De son côté, Wall Street a ouvert en légère hausse, le Dow Jones gagnant 0,13% et le Nasdaq 0,80%. Dans la matinée, le marché avançait prudemment après avoir connu sa pire séance en plus de vingt ans mercredi, où il a paniqué devant la détérioration de l'économie américaine, plus que jamais au bord de la récession.

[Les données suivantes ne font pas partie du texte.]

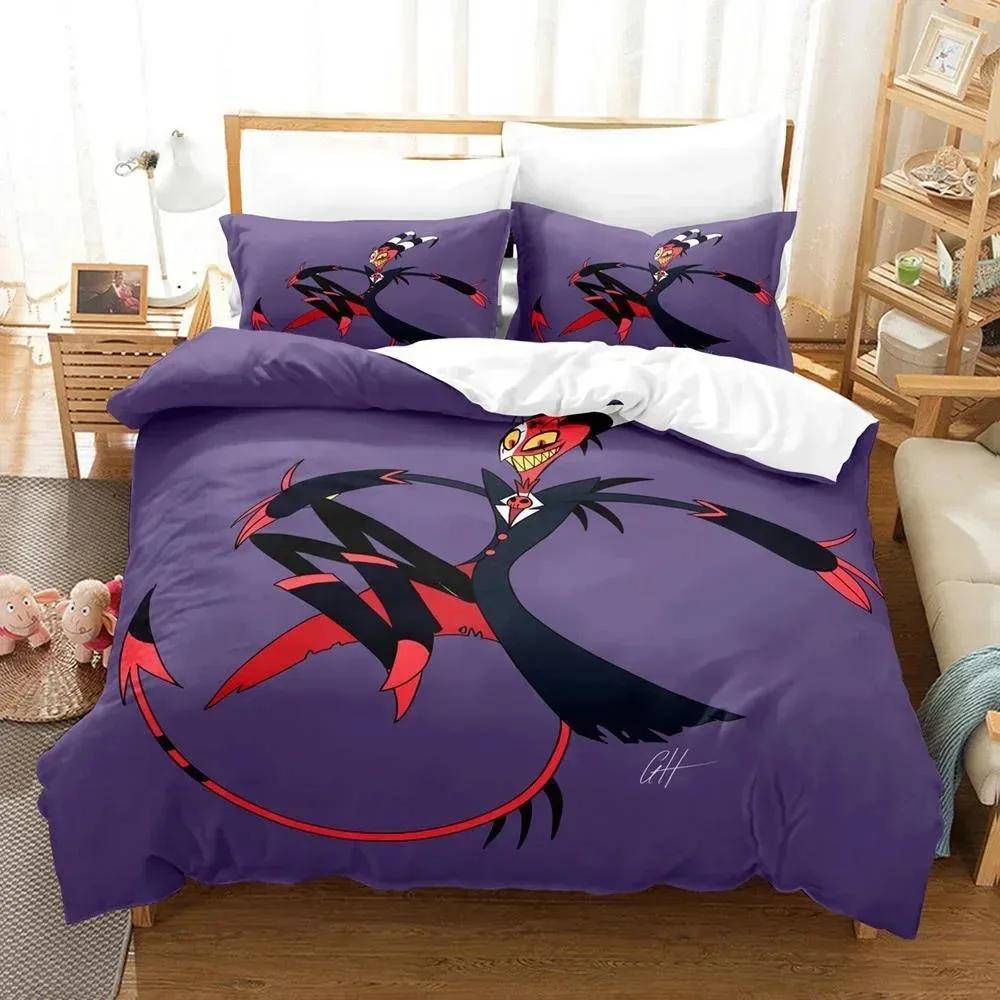 3D Printed Helluva Boss Bedding Set Duvet Cover 3Pcs Cover Single Twin Quilt Adult Boys Bedclothes Duvetcover Sets Home Textile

Les indices se sont en effet effondrés en fin de séance, pour finir sur une chute de 7,87% pour le Dow Jones, la plus forte depuis octobre 1987. Le Nasdaq a de son côté abandonné 8,47%. "On a eu quelques bons chiffres économiques : les prix à la consommation étaient du bon côté, signes de désinflation, et non d'inflation, et aussi les demandes d'allocations chômage", dont le nombre a baissé pour la deuxième semaine d'affilée, a indiqué Peter Cardillo, d'Avalon Partners. D'où l'ouverture de Wall Street dans le vert. Mais la confiance reste extrêmement fragile.
D'après agence
Retour MYTF1

Chargement en cours...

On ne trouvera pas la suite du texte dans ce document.